“In reality, this is an optimistic story.” Jack Nicholson furrows his forehead in curiosity as he relates a conversation he had with Stanley Kubrick during the making of The Shining. “On what basis, Stanley?…‘Well, in some way this movie’s about ghosts; anything that says there’s anything after death is an optimistic story.’” It’s a good indication of how deep-seeded humanity’s need to survive death is that a man of Kubrick’s intelligence and insight considered the tale of a possessed man attempting to chop up his wife and child with an axe as optimistic.

Of course, the desire to go on living is the most basic of all survival mechanisms; without it, we’d be like the cast of M. Night Shyamalan’s The Happening, walking into a tigers den or laying under tractors; but hearing it as it’s expressed above, it seems almost pitiful.
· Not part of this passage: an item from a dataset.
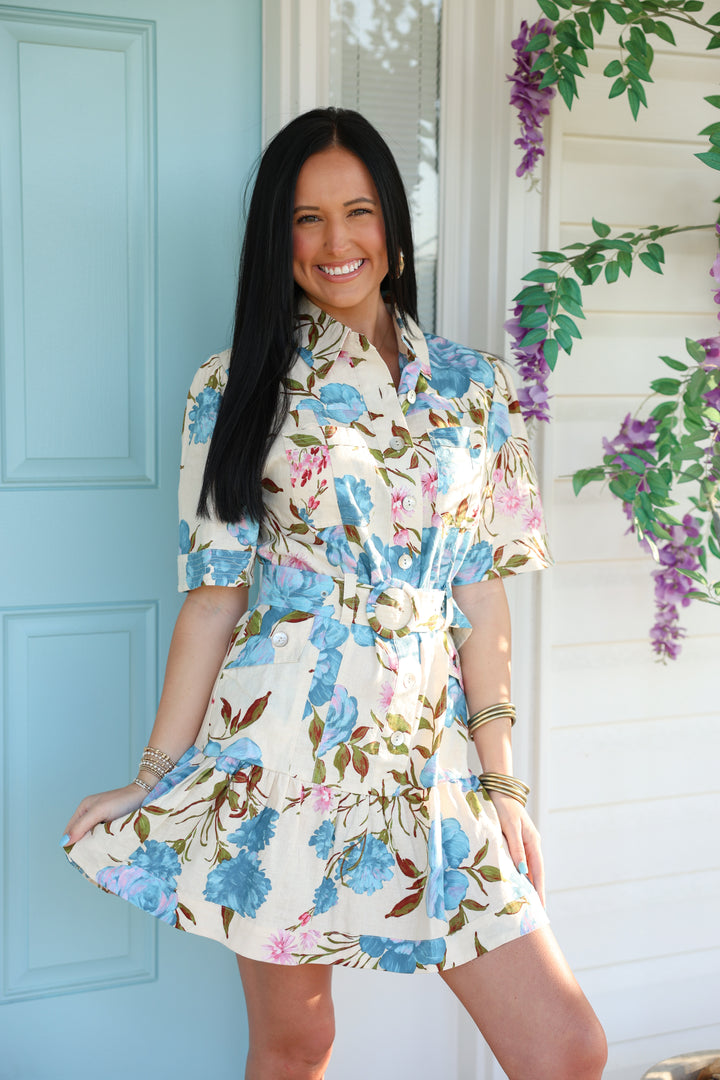 Anika Floral Belt Dress "Natural Multi"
At the same time, it’s a reminder of how the arts have taken over for religion as our mode of indulging in consoling and pacifying fantasies of the afterlife, a connection most clearly indicated by movies featuring afterlife superstitions descended from religion, such as reincarnation, featured in the new film Dean Spanley, released on Dec 12. It tells the story of a clergyman in Edwardian England who, when drinking Tokay, reverts back to his previous life as a dog. The film, directed by Toa Fraser, is based on fantasy writer Lord Dunsany’s 1930 novella and is only now getting the cinematic treatment.

The arts have taken over for religion as our mode of indulging in consoling and pacifying fantasies of the afterlife.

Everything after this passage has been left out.